*How to complete this task*. Reproduce each line of the material exactly, minus any picture.

*Information shown*.
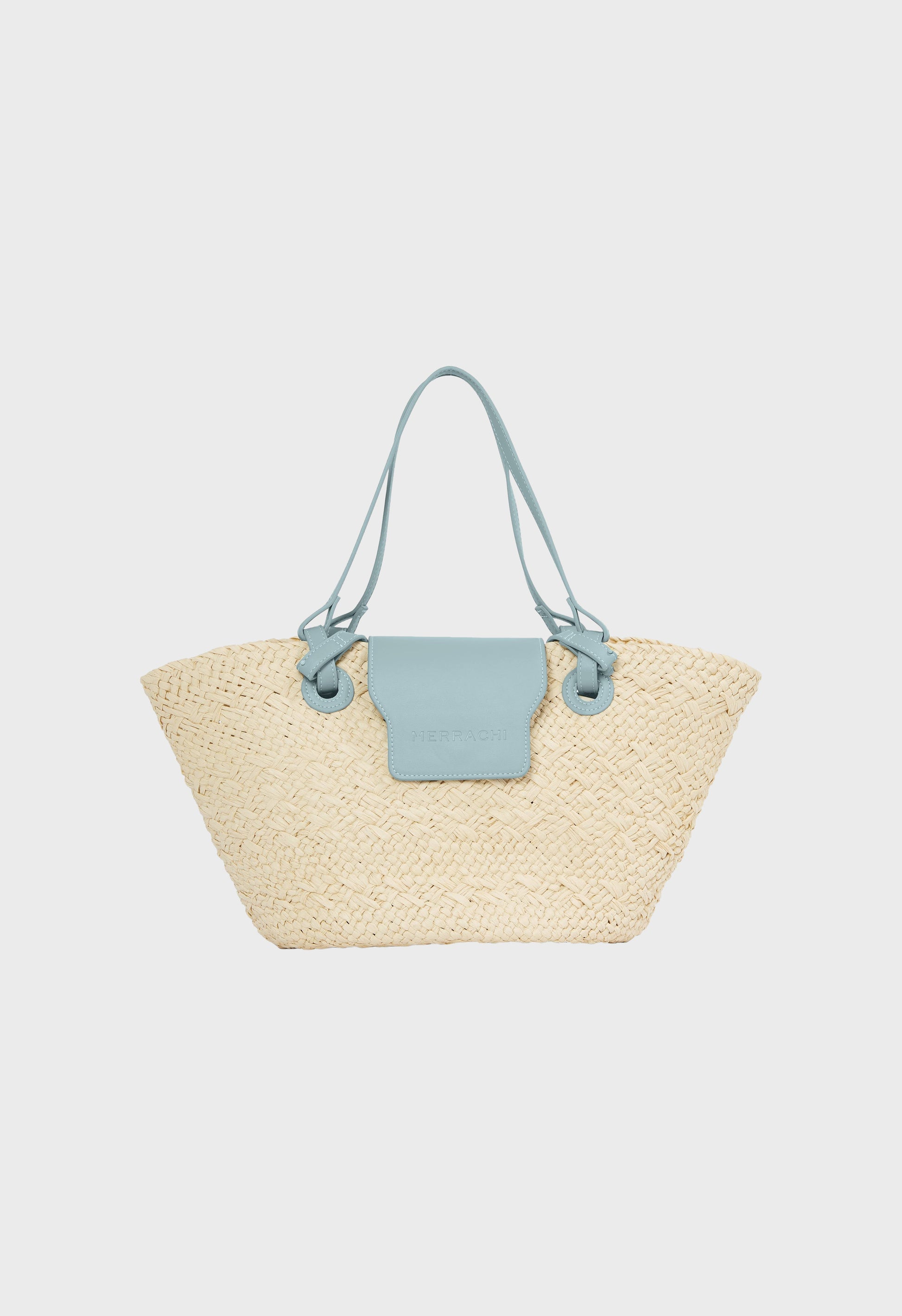 Sac panier | Bleu brumeux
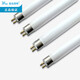T4T5 mirror headlight strip household old-fashioned bathroom heater lighting thin fluorescent tube three-color T4 fluorescent tube LED lamp T4 16W (excluding needle 46.3CM) 2 pieces white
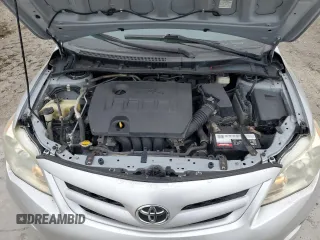 2013 Toyota Corolla L with VIN 2T1BU4EE2DC938098, listed as a Copart auction lot 41742095 with 161,402 mi miles and Salvage Title. Bid and sale history available at carsss.com. Image 11.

*Answer area*.
 Sac panier | Bleu brumeux
T4T5 mirror headlight strip household old-fashioned bathroom heater lighting thin fluorescent tube three-color T4 fluorescent tube LED lamp T4 16W (excluding needle 46.3CM) 2 pieces white
 2013 Toyota Corolla L with VIN 2T1BU4EE2DC938098, listed as a Copart auction lot 41742095 with 161,402 mi miles and Salvage Title. Bid and sale history available at carsss.com. Image 11.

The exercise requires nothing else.